"Alea iacta est"' (the die is cast) is what Julius Caesar is supposed to have said as he famously crossed the Rubicon river in Northern Italy, marking the beginning of events that would cause him to become "dictator for life."
Susan Mernit on her blog said the following about the AOL deal:
[I]n a year, we'll be watching a very different Google–one that may have morphed into something alot more like AOL was back in the day, when they were fat and sassy and thought no one cared about search.
John Battelle made the more dire prediction that Google's agreement to show image ads in search results and give "favored placement" to AOL content "throughout the site" potentially represented a watershed moment — known in recent American pop culture lore as "jumping the shark" (originally referring to the 70s-80s TV show "Happy Days").
There are two implied scenarios here, neither of them (according to Mernit and Battelle) favorable for Google's long-term health.

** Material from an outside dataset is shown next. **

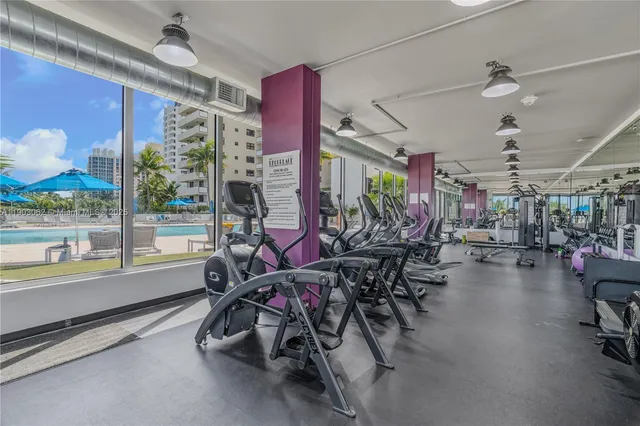 a view of kitchen with furniture and refrigerator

The Caesar reference is mine and suggests that this deal coincides with a period — how long is uncertain — in which Google's market share dominance in search simply cannot be assailed or overthrown. But to continue my Roman Empire analogy (and to pick up on Battelle and Mernit's concerns), perhaps Google is, with this deal, showing the potential to undermine the user experience that got the company to where it is today: fast, clean and relevant (no paid inclusion) search results.
If this moment is in fact akin to "jumping the shark," then an opening is created for a new Google to come in and do simply and elegantly what Google did several years ago when all the other search engines were corrupted by "overmonetization" or otherwise fat and lazy.
Of course, this time, Google (or Yahoo! or MSN) won't allow a new Google to come into the market — or will attempt to acquire new potential Googles before they can scale. (But recall how Microsoft allegedly tried to acquire Google early on and Sergey and Larry said "no"?)
I'm not convinced that this deal will ruin Google — the company is mindful of the consumer experience to an extreme degree — but the rapidly evolving, hyper-competitive marketplace and the pressure to grow revenues may take Google in directions that the company never anticipated. Perhaps this is one.